▶ **Data below**:
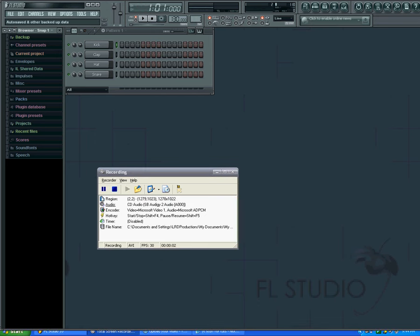Hey YouTube, in this tutorial I'm going to show you guys how to change the tempo in FL Studio. Basically just follow the mouse. Here you see this set of numbers right here—it says 130.000.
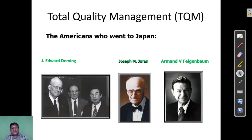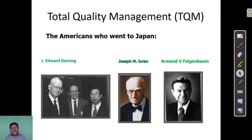The American quality gurus who went to Japan include J. Edward Deming, Joseph M. Juran, and Armand B. Feigenbaum — all prominent quality gurus from the US.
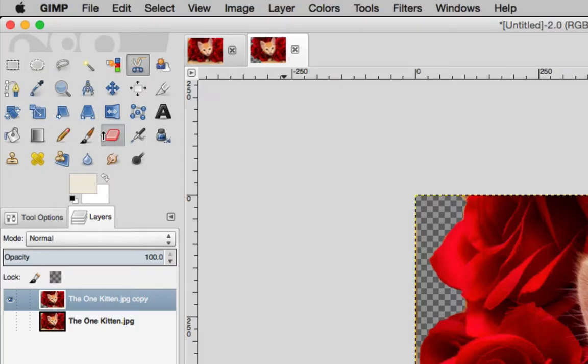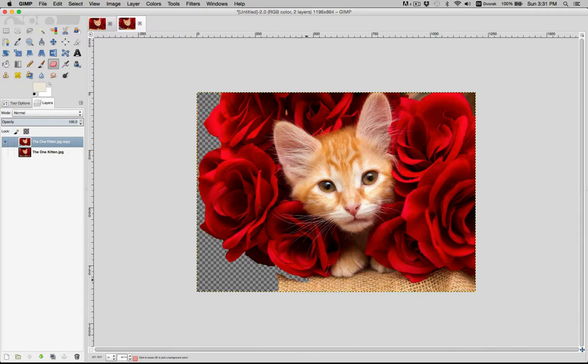You can also do it the dead easy way with the eraser tool. This is what I end up doing in Photoshop, and it works fine. No fancy selection, just erase.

▶ **Exercise**:
Only those lines from the one containing "The American quality" to the end of the material above, retyped exactly and without pictures, belong in your reply.

▶ **Solution for this exercise**:
The American quality gurus who went to Japan include J. Edward Deming, Joseph M. Juran, and Armand B. Feigenbaum — all prominent quality gurus from the US.
You can also do it the dead easy way with the eraser tool. This is what I end up doing in Photoshop, and it works fine. No fancy selection, just erase.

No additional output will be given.